History Of Hand Sanitizer
Hand sanitizer has become a hot topic due to the pandemic of Covid-19. The Center for Disease Control and Prevention suggest when it comes to preventing the spread of coronavirus, “if soap and water are not readily available, use a hand sanitizer that contains at least 60% alcohol.” Any sanitizers between 60% and 95% work best.
The primary ingredient in hand sanitizer is indeed alcohol. Most hand sanitizers contain anywhere from the 60% to 95% isopropyl or ethyl alcohol mixed with water and gels like glycol and glycerin in order to prevent drying out your skin. The resulting product is typically sold in a hand gel or liquid spray under brand names such as Purell or GermX.

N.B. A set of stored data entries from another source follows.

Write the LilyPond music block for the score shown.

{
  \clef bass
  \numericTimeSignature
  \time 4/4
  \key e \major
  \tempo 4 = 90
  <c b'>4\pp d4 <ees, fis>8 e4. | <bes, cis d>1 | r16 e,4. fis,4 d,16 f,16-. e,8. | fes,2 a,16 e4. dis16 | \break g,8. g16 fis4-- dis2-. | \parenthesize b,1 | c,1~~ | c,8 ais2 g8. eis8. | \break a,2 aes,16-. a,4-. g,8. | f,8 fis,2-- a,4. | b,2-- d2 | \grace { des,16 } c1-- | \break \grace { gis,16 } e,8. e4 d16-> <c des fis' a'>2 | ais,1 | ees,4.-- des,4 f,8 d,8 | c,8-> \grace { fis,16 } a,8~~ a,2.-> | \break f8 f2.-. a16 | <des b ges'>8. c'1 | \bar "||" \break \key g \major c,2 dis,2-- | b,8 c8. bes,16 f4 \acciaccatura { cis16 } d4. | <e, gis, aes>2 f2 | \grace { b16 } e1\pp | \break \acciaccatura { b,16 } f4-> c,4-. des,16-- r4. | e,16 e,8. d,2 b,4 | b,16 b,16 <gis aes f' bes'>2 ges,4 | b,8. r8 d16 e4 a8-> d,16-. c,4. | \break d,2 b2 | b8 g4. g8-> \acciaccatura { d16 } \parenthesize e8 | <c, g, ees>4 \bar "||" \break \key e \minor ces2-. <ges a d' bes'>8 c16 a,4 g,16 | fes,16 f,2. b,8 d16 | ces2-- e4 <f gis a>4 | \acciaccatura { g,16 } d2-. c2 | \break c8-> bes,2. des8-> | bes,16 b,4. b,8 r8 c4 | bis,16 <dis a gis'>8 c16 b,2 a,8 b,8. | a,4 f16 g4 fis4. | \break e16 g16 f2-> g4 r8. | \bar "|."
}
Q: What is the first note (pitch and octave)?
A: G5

While alcohol has been used as an antiseptic since the late 1800’s, the exact origins of hand sanitizer are up for debate.

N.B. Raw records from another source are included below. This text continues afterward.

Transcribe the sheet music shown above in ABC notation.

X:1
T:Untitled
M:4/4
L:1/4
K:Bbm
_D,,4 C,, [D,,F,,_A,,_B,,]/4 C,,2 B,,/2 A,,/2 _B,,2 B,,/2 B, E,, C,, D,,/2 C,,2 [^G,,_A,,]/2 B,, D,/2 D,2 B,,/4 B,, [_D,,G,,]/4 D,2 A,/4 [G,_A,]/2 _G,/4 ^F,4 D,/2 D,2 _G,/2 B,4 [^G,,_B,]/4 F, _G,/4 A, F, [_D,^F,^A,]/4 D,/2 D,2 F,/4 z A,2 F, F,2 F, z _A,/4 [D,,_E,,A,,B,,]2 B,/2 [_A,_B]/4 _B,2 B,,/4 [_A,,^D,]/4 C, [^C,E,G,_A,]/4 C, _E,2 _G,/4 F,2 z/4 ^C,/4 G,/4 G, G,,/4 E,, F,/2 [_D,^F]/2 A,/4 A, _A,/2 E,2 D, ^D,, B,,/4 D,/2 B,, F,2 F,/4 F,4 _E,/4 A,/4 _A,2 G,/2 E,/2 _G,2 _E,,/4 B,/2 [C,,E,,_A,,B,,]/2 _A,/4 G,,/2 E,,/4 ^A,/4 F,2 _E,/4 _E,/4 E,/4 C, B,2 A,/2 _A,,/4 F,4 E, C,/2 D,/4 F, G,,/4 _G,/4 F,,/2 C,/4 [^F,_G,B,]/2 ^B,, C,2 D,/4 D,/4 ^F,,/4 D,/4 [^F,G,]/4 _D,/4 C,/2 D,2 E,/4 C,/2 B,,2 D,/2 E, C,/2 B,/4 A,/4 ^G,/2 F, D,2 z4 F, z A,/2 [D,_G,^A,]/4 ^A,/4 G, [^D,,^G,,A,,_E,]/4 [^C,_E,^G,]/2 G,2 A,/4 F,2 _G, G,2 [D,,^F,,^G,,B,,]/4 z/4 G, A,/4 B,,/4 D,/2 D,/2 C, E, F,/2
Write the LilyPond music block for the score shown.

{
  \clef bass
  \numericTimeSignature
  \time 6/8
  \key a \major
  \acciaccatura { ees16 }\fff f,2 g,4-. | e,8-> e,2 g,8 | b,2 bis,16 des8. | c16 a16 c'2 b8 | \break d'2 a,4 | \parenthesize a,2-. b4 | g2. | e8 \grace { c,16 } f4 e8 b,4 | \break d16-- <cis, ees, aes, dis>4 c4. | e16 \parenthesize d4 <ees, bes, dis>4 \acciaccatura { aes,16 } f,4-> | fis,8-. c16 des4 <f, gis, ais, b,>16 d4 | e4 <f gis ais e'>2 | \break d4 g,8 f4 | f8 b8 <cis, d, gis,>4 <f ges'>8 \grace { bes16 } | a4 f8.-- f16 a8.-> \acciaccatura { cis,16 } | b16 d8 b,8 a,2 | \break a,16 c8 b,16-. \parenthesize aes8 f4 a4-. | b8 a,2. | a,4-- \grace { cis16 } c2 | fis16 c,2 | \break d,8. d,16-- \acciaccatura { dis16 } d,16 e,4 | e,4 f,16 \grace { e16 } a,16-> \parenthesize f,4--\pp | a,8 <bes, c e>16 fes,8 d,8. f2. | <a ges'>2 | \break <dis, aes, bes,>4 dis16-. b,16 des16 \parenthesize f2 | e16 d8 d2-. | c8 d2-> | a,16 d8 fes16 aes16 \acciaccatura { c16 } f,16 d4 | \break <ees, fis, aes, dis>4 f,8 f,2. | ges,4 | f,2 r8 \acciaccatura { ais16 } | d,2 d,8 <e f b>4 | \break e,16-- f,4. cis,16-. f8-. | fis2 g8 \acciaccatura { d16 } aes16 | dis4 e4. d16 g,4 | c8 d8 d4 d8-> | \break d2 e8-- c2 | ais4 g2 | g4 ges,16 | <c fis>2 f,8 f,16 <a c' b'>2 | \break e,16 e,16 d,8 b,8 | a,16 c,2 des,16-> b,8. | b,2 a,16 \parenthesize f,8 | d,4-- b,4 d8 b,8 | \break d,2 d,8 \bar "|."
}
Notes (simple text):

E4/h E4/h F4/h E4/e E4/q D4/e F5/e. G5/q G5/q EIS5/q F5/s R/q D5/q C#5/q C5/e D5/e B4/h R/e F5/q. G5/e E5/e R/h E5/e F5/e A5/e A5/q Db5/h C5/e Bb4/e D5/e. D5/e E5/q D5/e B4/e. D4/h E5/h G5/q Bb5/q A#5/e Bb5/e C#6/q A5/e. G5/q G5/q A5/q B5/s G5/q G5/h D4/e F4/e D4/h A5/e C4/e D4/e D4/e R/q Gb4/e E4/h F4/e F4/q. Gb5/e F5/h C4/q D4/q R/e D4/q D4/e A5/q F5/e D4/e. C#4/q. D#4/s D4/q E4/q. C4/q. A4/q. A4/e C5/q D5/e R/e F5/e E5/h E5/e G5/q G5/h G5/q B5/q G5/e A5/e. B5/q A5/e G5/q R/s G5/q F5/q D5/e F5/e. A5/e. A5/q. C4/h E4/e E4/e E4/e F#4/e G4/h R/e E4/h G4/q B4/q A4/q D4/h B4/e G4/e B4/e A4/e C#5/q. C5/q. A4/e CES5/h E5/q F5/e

One version of the story suggests it was Lupe Hernandez, a nursing student from Bakersfield, California in 1966. Some claim him as the inventor of hand sanitizer after combining alcohol and gel for use by doctors. It was most used in situations where they didn’t have time to access soap and warm water before treating patients.
However, a recent study by Smithsonian Institution historian Joyce Bedi was unable to turn up any trace of Hernandez. There was also no evidence of a U.S. patent for hand sanitizer under that name from the 1960s.
There’s also Sterillium. The German company Hartmann claims Sterillium was the world’s first marketable alcohol-based hand disinfectant when it hit European shelves in 1965. It’s made with glycerin and 75% alcohol.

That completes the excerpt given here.